Koruma adı altında yağma
Tabiatı ve Biyoçeşit Koruma adı verilen yasa tasarısının,tüm koruma alanları üstündeki koruma statülerinin kaldırılması ile biyoçeşitliliğin ticarileştirme adımları atılmış ve Meclis’e taşınan yasa yoğun tepkiler sonucu Meclis gündemine girememişti. Ancak yasa tasarısının içeriği farklı bir yolla uygulamaya sokuldu. Orman ve Su İşleri Bakanlığı Doğa Koruma ve Milli Parklar (DKMP) Genel Müdürlüğü tarafından başlatılan ve Tarım ve Orman Bakanlığı tarafından sürdürülen ‘biyolojik çeşitliliğin kayıt altına alınarak bu bilgilere erişimin düzenlenmesi’ amacıyla olduğu belirtilen bir çalışma yapılmaya başlandı. 2 yılı aşan süredir devam eden bu çalışma 2019 yılında bitirilecek. Yürütülen çalışmanın, “uluslararası patent uzmanlarına” açılacak olması, biyoçeşitliliğin şirketlerin emrine verilme sürecinin işlediğinin açık ikrarı. MTA’nın yaptığı sondaj sonuçlarını maden şirketlerine açarak doğal alanların yağmalanması nasıl işliyorsa, ‘biyolojik çeşitliliğin kayıt altına alınarak bu bilgilere erişim’ işlemi de aynı biçimde işleyecek. Umarsız politikalarla adeta soykırıma uğratılan biyoçeşitlilikten arta kalanlar ilaç ve gen tekellerinin hizmetine sunuluyor.

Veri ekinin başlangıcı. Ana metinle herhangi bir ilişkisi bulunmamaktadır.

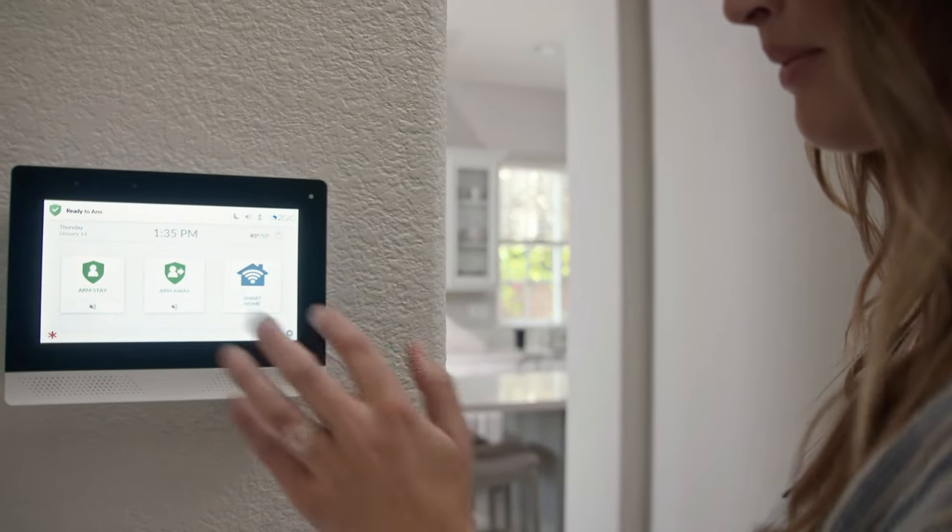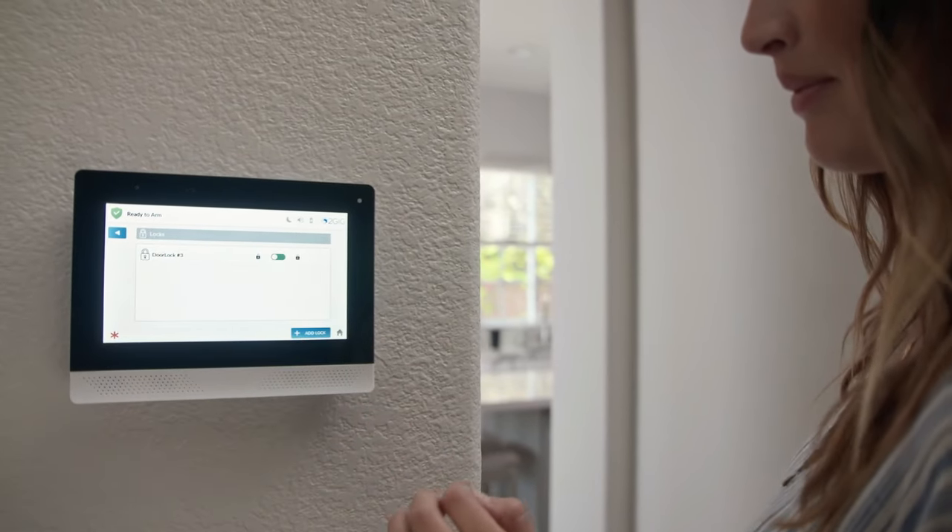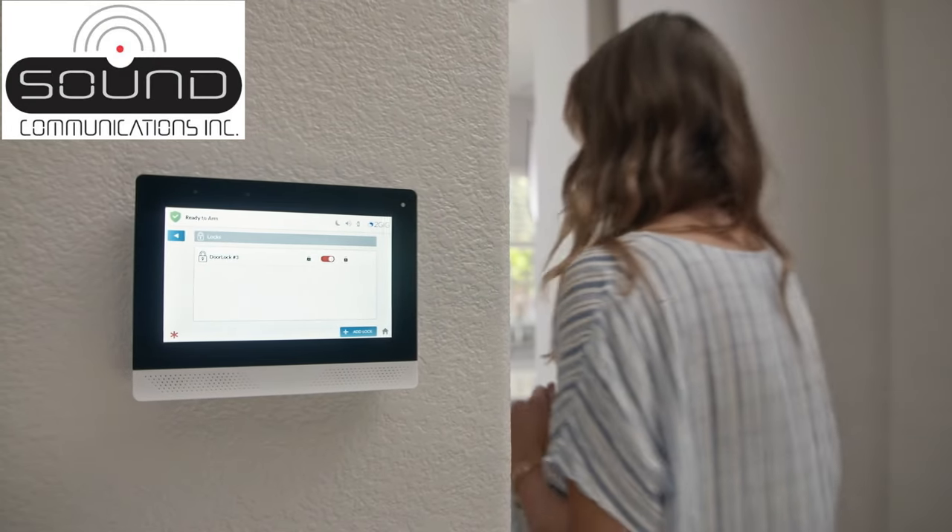Take advantage of our free in-home consultation and installation offer today. Financing available. Click now to learn more.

Canlı türlerde 6. büyük yok oluş
Doğa tahribatı ve iklim değişikliğinin türlerin yok oluş hızını arttırdığı ve altıncı büyük yok oluşa neden olabileceği belirtildi. Doğa ve İklim Söyleşileri’nin ikincisi “Antroposen’in Geleceği: İklim Değişirken Genler, Türler, Ekosistemler” başlığı altında geçtiğimiz günlerde gerçekleşti. Berlin Doğa Tarihi Müzesi’nde doktora sonrası araştırmacı olarak görev yapan Emrah Çoraman, “Doğa tahribatı, türlerin yok oluş hızını arttırdı. Soyu tükenen türlerin sayısı o kadar hızlı artıyor ki, bilim insanları bunun altıncı büyük yok oluşa neden olacağını düşünüyor.İşin daha da can alıcı kısmı, şu andaki gidişatta iklim değişikliğinin olumsuz etkilerinin henüz tam olarak devrede olmaması. Yakın gelecekte iklimin daha da ısınması, canlı türlerinin büyük kısmını ortadan kaldırabilir” dedi. Çoraman, “Türlerin azalma sebeplerini inceleyen endekse göre şu ana kadarki yok oluşlarda iklim değişikliğinin etkisi %7 seviyesinde, yani iklim değişikliğinin etkisi henüz birinci sıralarda olmasa da büyük bir yok oluş meydana geliyor. Bu, önümüzdeki yıllarda küresel ısınmanın etkisiyle yok oluş sürecinin giderek hızlanacağı anlamına geliyor” dedi.